At the moment program is in "early alpha":
- it can read a model (DAT, LDR, MPD, L3B and so on) using a library I coded for read and parse LDraw files;
- it detect connection points from primitives
- it allows placing of new parts using a "snap" very similar to LEGO Digital Designer, with some minor differences
- does not checks for part collision (I have no idea how to do without a lot of heavy and complex geometric computation)
- it saves a flat LDR of edited model (no submodel, no MPD, but it is planned)

I'm working to merge my connection editor in model editor (it merely needs to add toolbars with specific functions and add some logic to program to handle/display/edit connections), and to add tools for editing part (place lines, triangle, quads, primitives, ...).

It is a lot of work, but I am confident that I can manage it, without hurry.

If you wish, I can post some screenshot to show program aspect and progress.

Meanwhile, I can help to detect and correct some library errors, you have only to ask Smile


Nicola Wrote:Some people replied but if discussion stops there's no point in talking alone Smile

It's good practice here that - if you really seek something changed or new - to take the lead and spearhead the project. You cannot delegate the thing to someone else 'cos nobody gets paid here and in case the discussion stops it's up to you carrying it on.

Have you had a look into the system of SR3D Builder? There is a folder with connectivity information for each part. I really like, how it is done there. Unfortunately the system isn't in developed anymore because Sergio passed away. :-(

Hi Max.

No, I never used SR3D.
For connection data in SR3D I think there is a license problem: SR3D isn't open source, and require a specific license for commercial use, so I think I cannot use SR3D data without breaking license and intellectual property.
No information is available on SR3D web about data and source license, but in home page there is a copyright notice that say "all right reserved", so I cannot assume anything about use of SR3D data.

LDCad has connection information too, it uses LDraw meta's in a shadow library.
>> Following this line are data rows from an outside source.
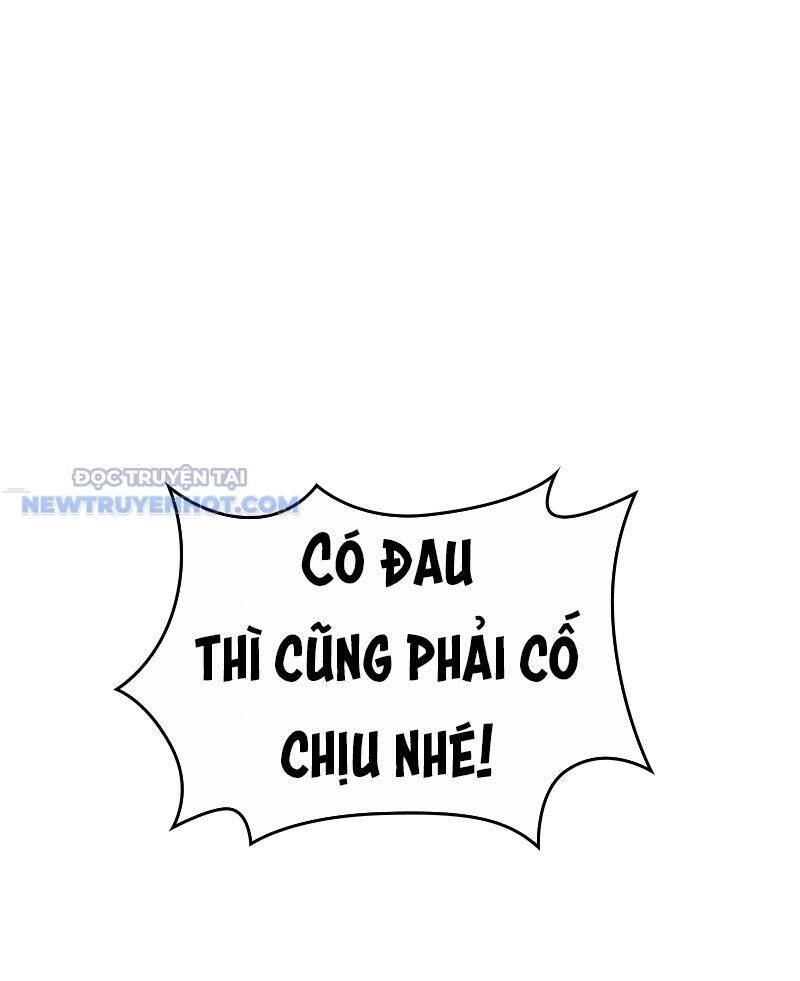 Tận Thế Cũng Chỉ Là Trò Chơi Chapter 16 - Trang 2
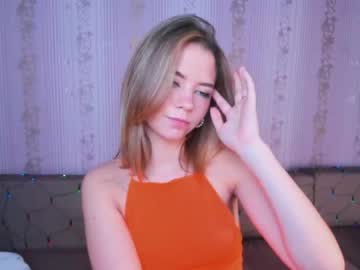 webcam girl rebeccawalker image #3066964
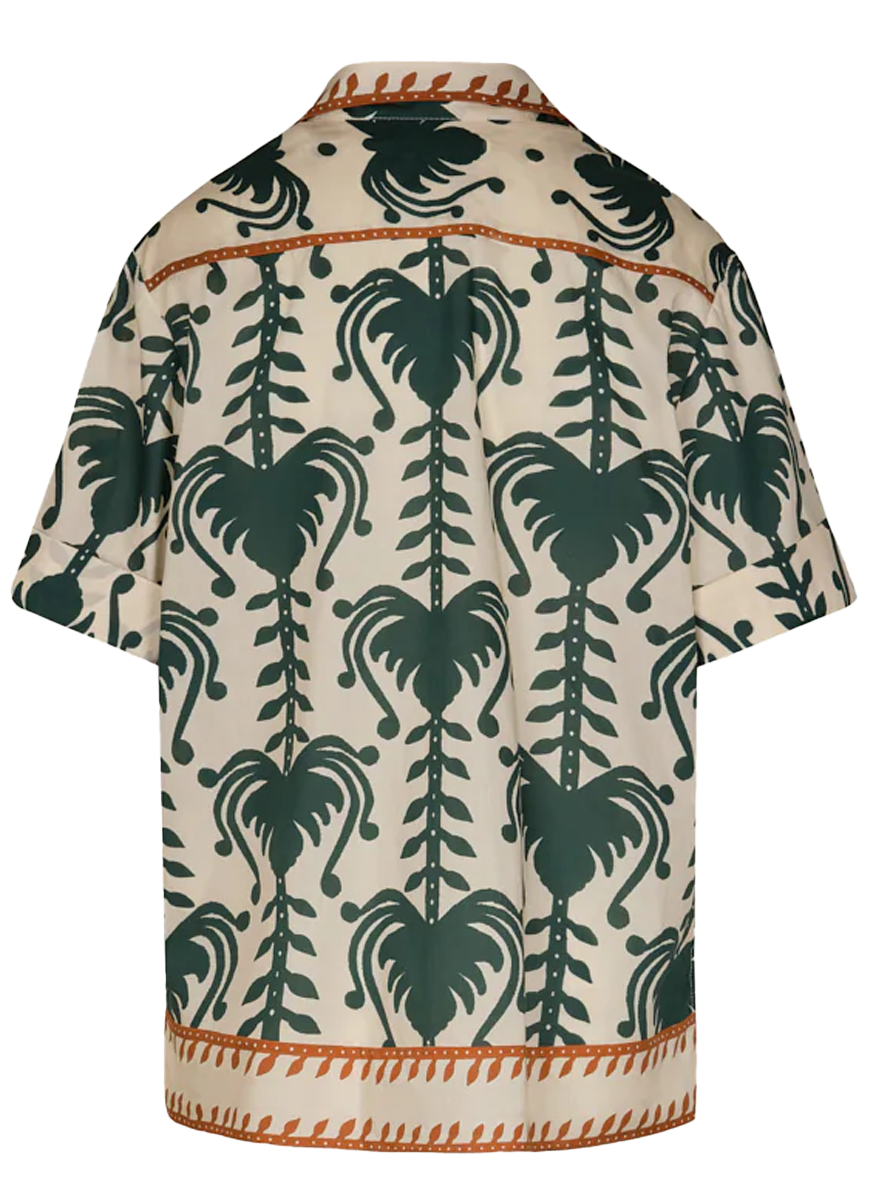 Salty Promises Shirt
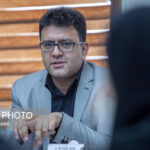 نیاز به تسریع در تکمیل پروژه‌های فرهنگی نیمه کاره اراک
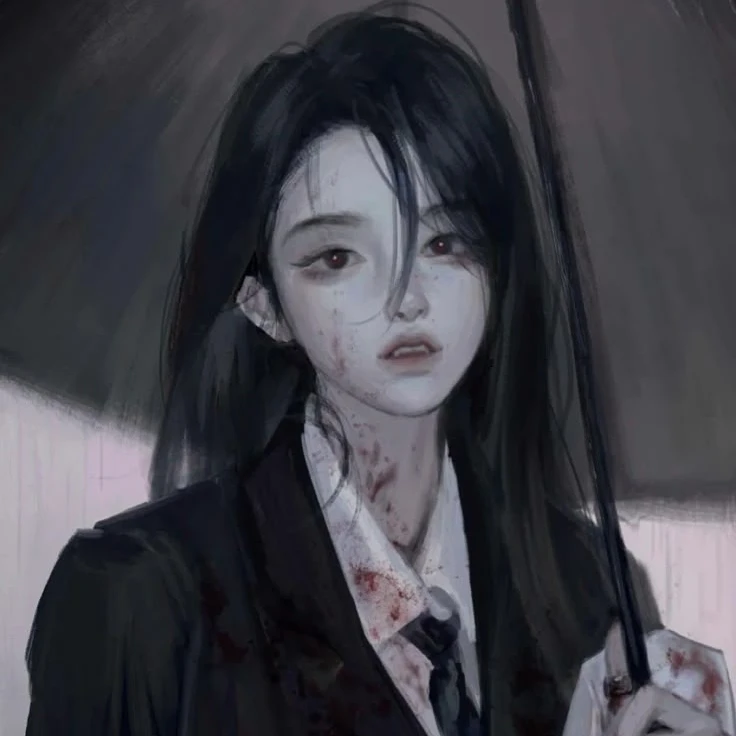 윤혜연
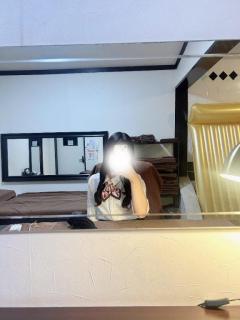 INFINITY沖縄 りな ラスト1枠🤍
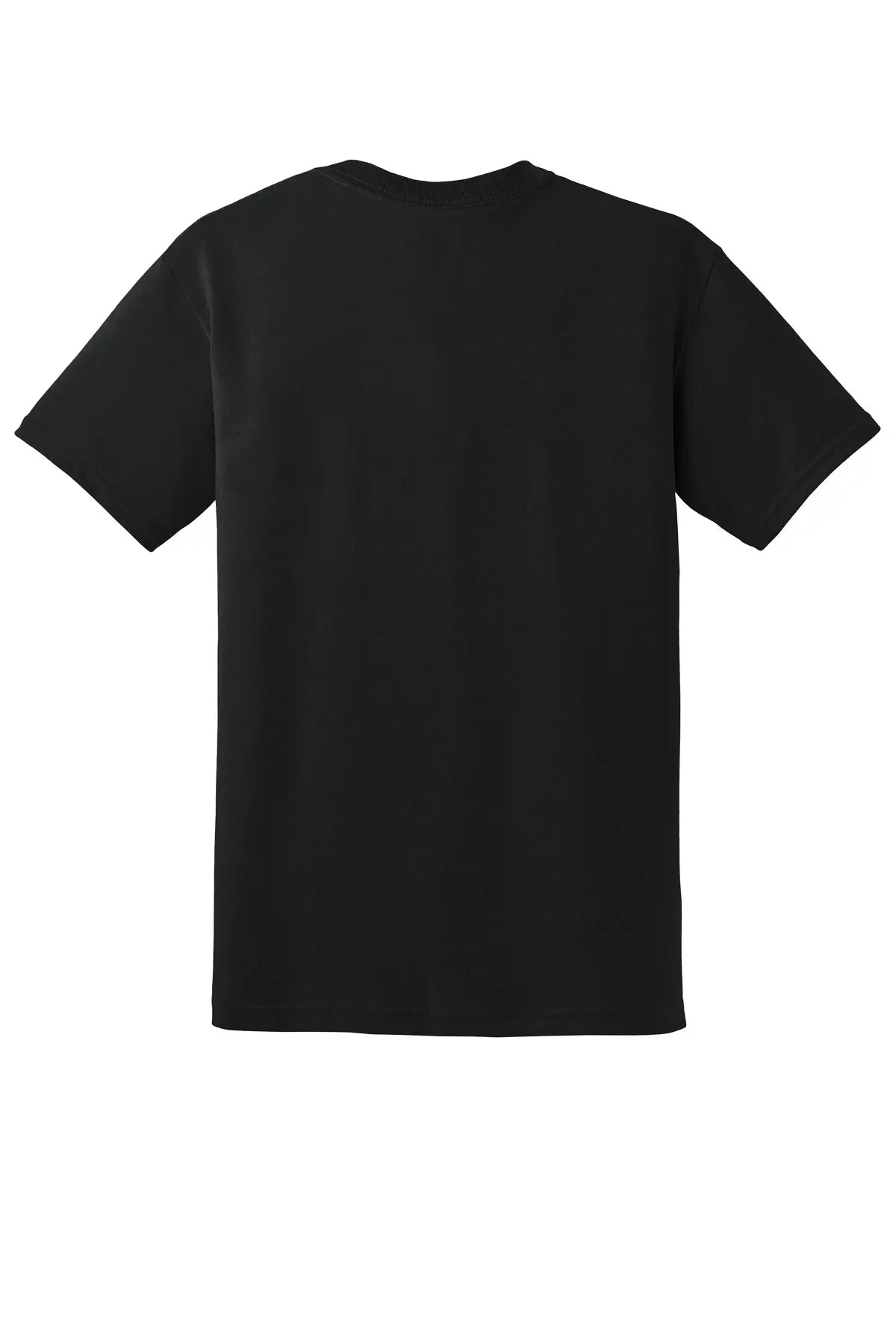 Gildan® DryBlend® 50 Cotton/50 Poly T-Shirt #8000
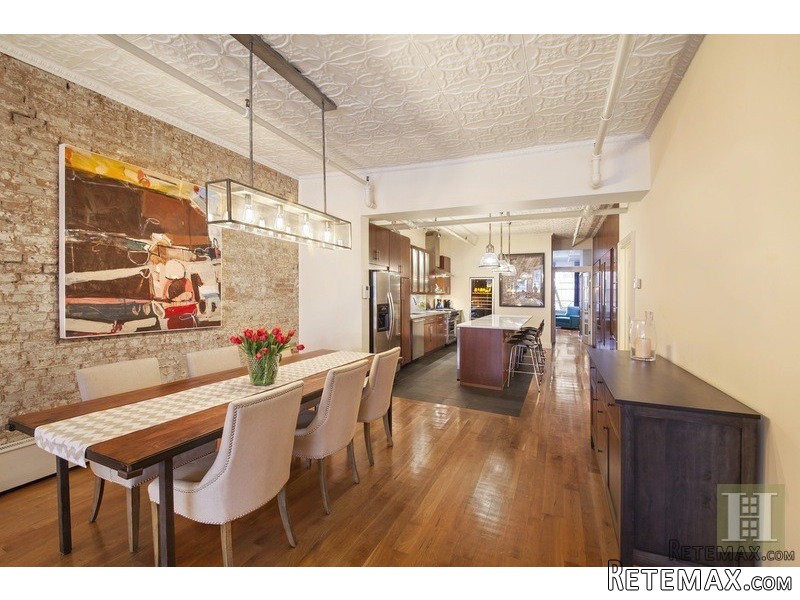 2 bedroom Apartment For Sale: CLASSIC.. - 2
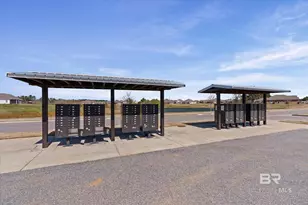 21581 Burney Rd, Fairhope, AL 36532 - Photo 26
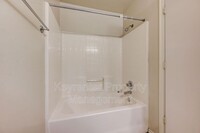 602 Welston Cir photo'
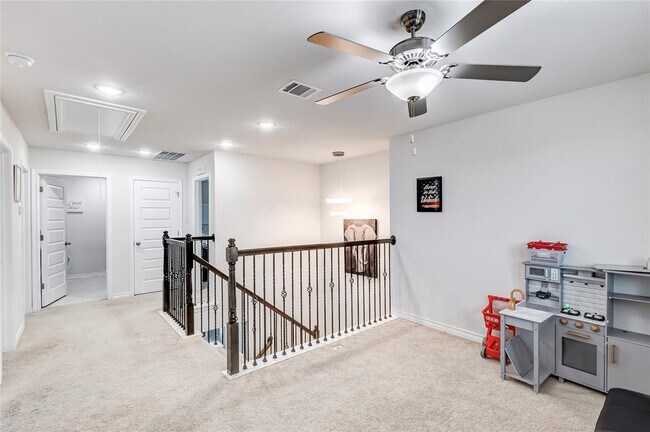 Building Photo - 149 Andesite Trl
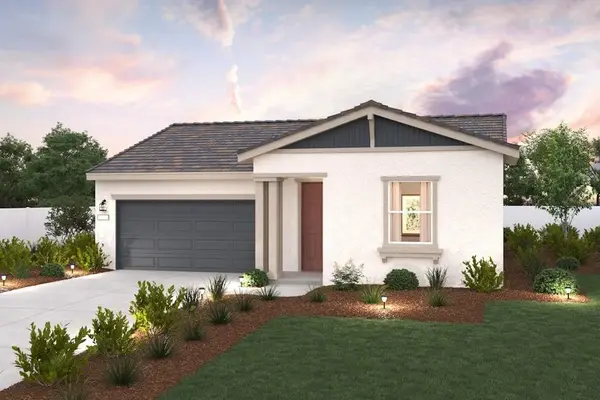 1480 Roebling Street, Lincoln, CA 95648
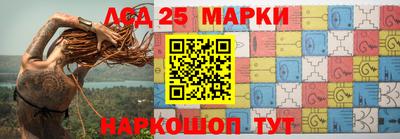 прущий лед Кунгур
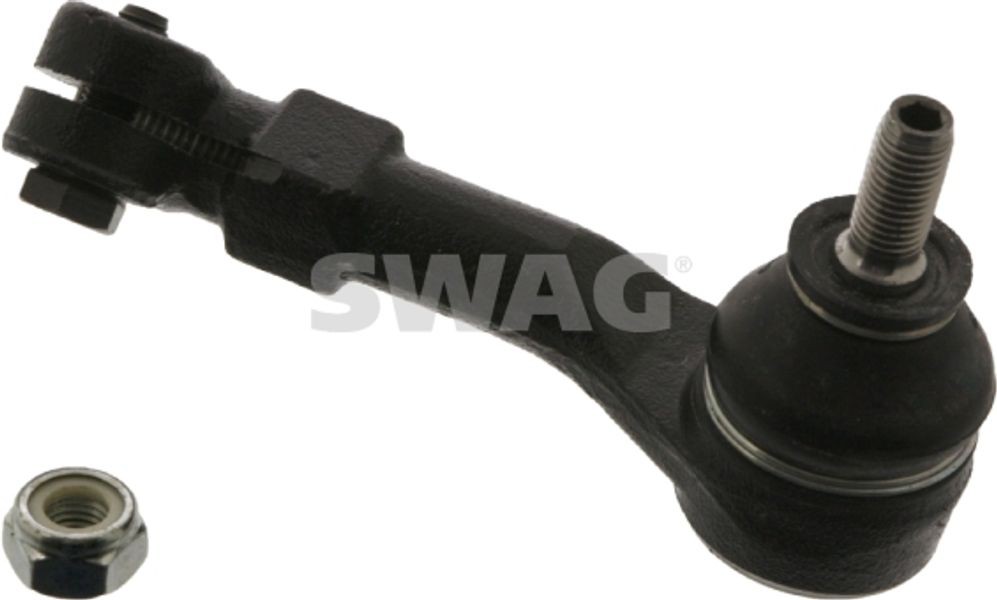 Swag Ακρόμπαρο - 60 71 0020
The nice thing (imho Smile ) about the format is it has very little hard coded connection limitations, all is purely based on shapes / text parameter matching.

Maybe we could share the format, or base a more global one upon it.
I think if we're going to go through all the trouble to create a parallel library, why not make something like a wrapper file format that's just as easy to read but easier to extend. Someone a long time ago suggested an XML version of the library. I envision something like this:
(Header tags)
(Connection tags)
(Link to raw dat file)
(Link to a binary file)

The advantage of this approach is that XML parsers are plentiful and we can easily extend the format without breaking existing programs (since the old dat file with still exist albeit without the new connection, normal, etc info).
IMHO we can do a further step ahead...

It is quite simple to do a converter DAT->XML and XML->DAT if we have a well-defined XML document definition, an XSD file that define tags, structure, types and limits/bounds for parameters (for non-developers).
Tags can be optional, have attributes, etc.
<dat type="official" ldrawid="3001.dat">
Brick 2x4
<author name="john smith" email="john@smith.somewhere.local" />
<kw name="brick" />
<kw name="original parts" />
<conn type="stud" base="x,y,z" vector="xv,yv,zv" offset="xo,yo,zo" />
<triangle v1="x,y,z" v2="x1,y1,z1" v3="x2,y2,z2" />
<ref color="4" part="stud.dat" place="x,y,z" matrix="a,b,c,d,e,f,g,h,i" />
<line type="edge" v1="x,y,z" v2="x1,y1,z1" />
<line v1="x,y,z" v2="x1,y1,z1" />
<quad argbcolor="a0ff00c0" normal="xn,yn,zn" v1="x,y,z" v2="x1,y1,z1" v3="x2,y2,z2"  v4="x3,y3,z3" />
<auxline .....

We can maintain a pure DAT library for backward compatibility and use new XML format for new/improved library. Parser will be really easy to do, and a converter XML->DAT will automatically add/update parts for old format.

As usual, this is brainstorming ;-)

Sounds nice and doable to me. Since you keep the original .dat files as the source, it won't stop anyone from making new parts in the "old" library.
I'm OK with it as long as there's never a time when the xml file exists without a corresponding dat file.